In the recent domain name dispute of Suzannah R. Noonan v. Kevin Sneed FA1343308 (Nat. Arb. Forum October 22, 2010) a single member panel was faced with a domain name dispute over the domain www.energyfix.com. Complainant claims ownership to the mark ENEGRYFIX, which was registered on July 24, 2001, filed on April 27, 2000 and bears an alleged first use date of April 1, 2000. The disputed domain was registered by Respondent on August 24, 1999, approximately seven month prior to Complainant’s first use of the mark. Respondent contended and provided supporting evidence that he began selling “superfood” products via the disputed domain name on November 28, 1999.

Paragraph 4(a) of the ICANN UDRP Policy requires that the Complainant must prove each of the following three elements to obtain an order that a domain name should be cancelled or transferred: (1) the domain name registered by the Respondent is identical or confusingly similar to a trademark or service mark in which the Complainant has rights; (2) the Respondent has no rights or legitimate interests in respect of the domain name; and (3) the domain name has been registered and is being used in bad faith.

The Panel reviewed the elements and found that the domain was confusingly similar to Complainant’s mark. In addressing the second element the Panel made the following observations:

Under Policy ¶ 4(c)(i), use of a domain name in connection with a bona fide offering of goods is sufficient to establish rights or legitimate interests in the domain name for purposes of ¶ 4(a)(ii).  Respondent operated an online store using the disputed domain name for at least eight and a half years, beginning four months prior to Complainant’s first use of the ENERGYFIX mark and twenty-one months prior to the registration of that mark.  By doing so, Respondent established his rights and legitimate interest in the disputed domain name.

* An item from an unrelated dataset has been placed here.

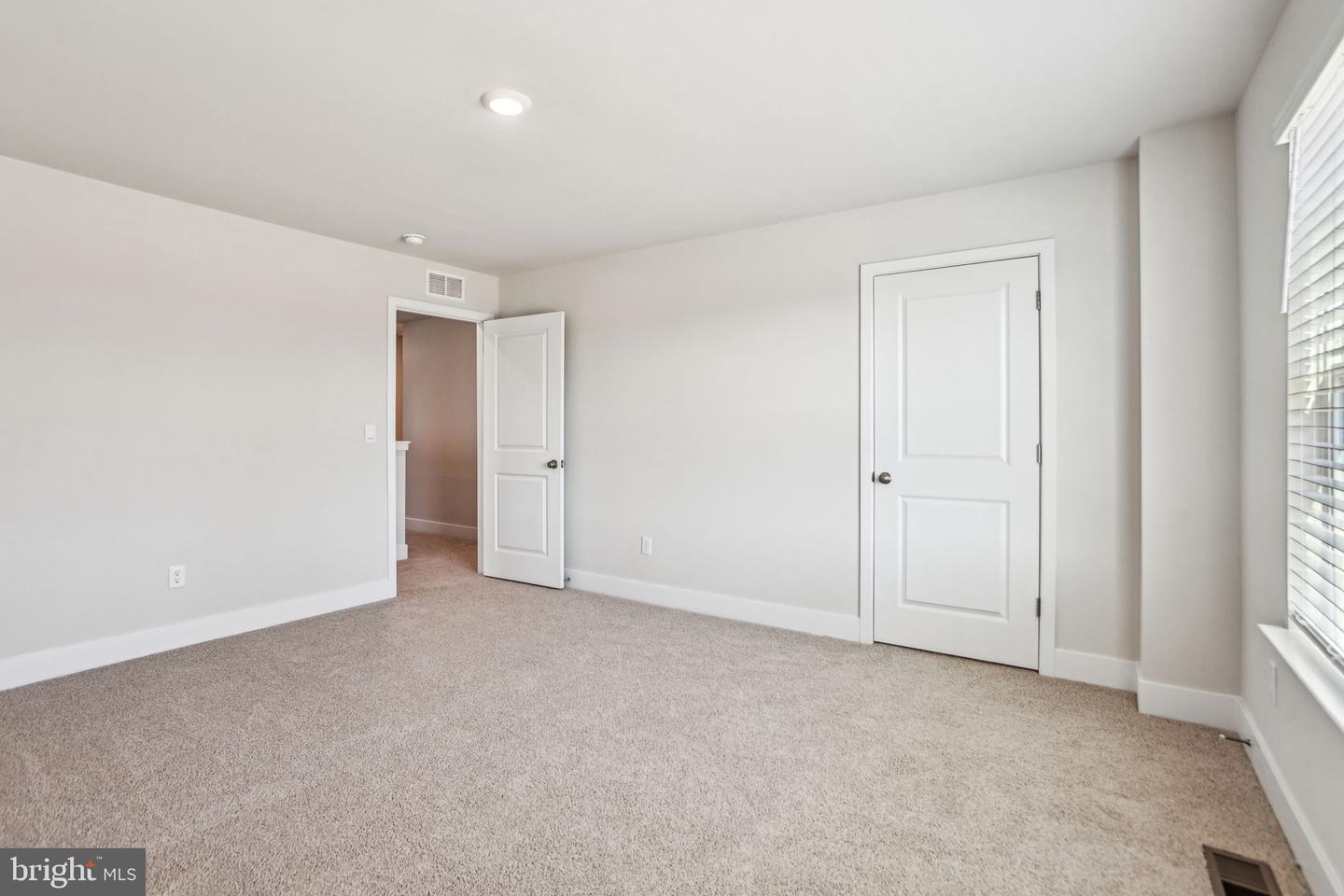 107 MASCOUTEN ST, WINCHESTER, Virginia 22602, 6 Bedrooms Bedrooms, ,4 BathroomsBathrooms,Residential,For sale,107 MASCOUTEN ST,VAFV2033694 MLS # VAFV2033694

In addressing the third element, bad faith, the Panel continued its observations that no bad faith could have existed in light of the earlier registration of the domain compared with the first use of the mark.

The case became interesting with the Panel’s discussion regarding Reverse Domain Name Hijacking. The Panel noted:

The Panel is troubled by Complainant’s attempt to secure <energyfix.com>, a domain name that was registered and used to sell goods for months before Complainant’s first use of the ENERGYFIX mark.  A simple WHOIS search would have informed Complainant that the disputed domain name had been registered seven months before her first use of the ENERGYFIX mark and therefore could not have been registered in bad faith.  It is also evident from the Complaint that Complainant was aware that Respondent was selling goods using the disputed domain name, one of the activities that gives rise to rights and legitimate interests in a domain name….A long delay in filing a complaint can also give rise to an inference that a complainant with a flawed claim knew that it had a flawed claim, providing further support for a finding of bad faith.

Ultimately, the Panel found that Complainant failed to prove the elements and made a finding that Complainant engaged in Reverse Domain Name Hijacking.